But oddly, there was a sense of coming home to California. Although I had grown up in Europe, I was born in Los Angeles. The desert skies were clear blue and untroubled. Living with my father again felt strange, but he would be leaving soon to resume work on The Mackintosh Man in New York.
I was eager to buy some marabou bedroom stilettos to match the pink swan’s-down-trimmed negligee that Cici had generously just given me. Driving along Sunset in the pale sunshine, I noticed that the panorama was bare and garish, mostly warehouses and two-story facades. There were rows of tall palm trees and purple jacarandas. The air was windy and dry and sweet-scented. Beverly Hills, it seemed, was all about who you were, what you were driving, your pastimes, and your playgrounds.
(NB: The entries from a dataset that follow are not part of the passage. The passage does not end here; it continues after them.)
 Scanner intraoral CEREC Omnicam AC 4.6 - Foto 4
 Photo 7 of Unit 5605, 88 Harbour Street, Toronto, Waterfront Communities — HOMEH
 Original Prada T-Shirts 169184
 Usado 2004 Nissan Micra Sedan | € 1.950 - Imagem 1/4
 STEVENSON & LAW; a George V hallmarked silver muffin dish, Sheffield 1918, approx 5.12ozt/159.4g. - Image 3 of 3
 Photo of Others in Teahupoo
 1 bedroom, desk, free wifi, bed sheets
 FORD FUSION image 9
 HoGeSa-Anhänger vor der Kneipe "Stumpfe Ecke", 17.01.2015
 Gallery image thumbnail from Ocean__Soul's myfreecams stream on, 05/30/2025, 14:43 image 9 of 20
A few days before, Cici had taken me shopping on Rodeo Drive, where there was a yellow-striped awning above Giorgio’s boutique, with outdoor atomizers that puffed their signature Giorgio perfume. Indulgent husbands drank espresso at a shiny brass bar inside as their wives shopped for feathered gowns and beaded cocktail dresses. For lingerie, the local sirens went to Juel Park, who was known to seal the deal for many aspirants based on the strength of her hand-stitched negligees and satin underwear trimmed with French lace. We lunched at the Luau, a Polynesian watering hole, the darkest oasis on the street, where you could hear rummy confessions from the next-door booth as you tucked behind your ear a fresh gardenia from the scorpion punch. Los Angeles was a small town then; it felt both incredibly glamorous and a little provincial.
Cici, who was in her mid-thirties, had a son, Collin, by a former marriage to the documentary filmmaker and screenwriter Walon Green. Cici had gone to private schools in Beverly Hills and Montecito, and her friends were the hot beauties of the day, from Jill St. John and Stefanie Powers to Bo Derek and Stephanie Zimbalist—glamorous sportswomen and great horseback riders who had grown up privileged in the western sunbelt. She had played baseball with Elvis Presley at Beverly Glen Park in the fifties and roomed with Grace Slick at Finch College in New York. Cici also had a lively retinue of gay friends who were sportive and gossipy and informal.
Cici’s energy was buoyant. She cursed like a sailor and loved a bit of illicit fun, as did I. Our practice, at least a couple of times a week, was to do an impromptu raid on other people’s gardens in the neighboring canyons. I would wield the shears, and with a trunkful of flowers and branches, Cici would drive her candy-apple-red Maserati like a getaway car, burning rubber to peals of laughter; although we tempted fate, for some miraculous reason we never got caught. Sometimes Allegra would accompany us on these forays.
After the sale of St. Clerans, Allegra had moved in with her Irish nanny, Kathleen Shine, whom we called “Nurse,” to share a rented house in Santa Monica with Gladys Hill, Dad’s co-writer and secretary. Heartbroken by the death of our mother and still painfully loyal to her, Nurse had been a staple of Tony’s and my childhood. Gladys was calm, deliberate, intelligent, and kind. A pale-complexioned woman with ice-blond hair from West Virginia, she was devoted to Dad and shared his passion for pre-Columbian art. She had worked for him in the previous decade and was part of the family in Ireland when I was growing up.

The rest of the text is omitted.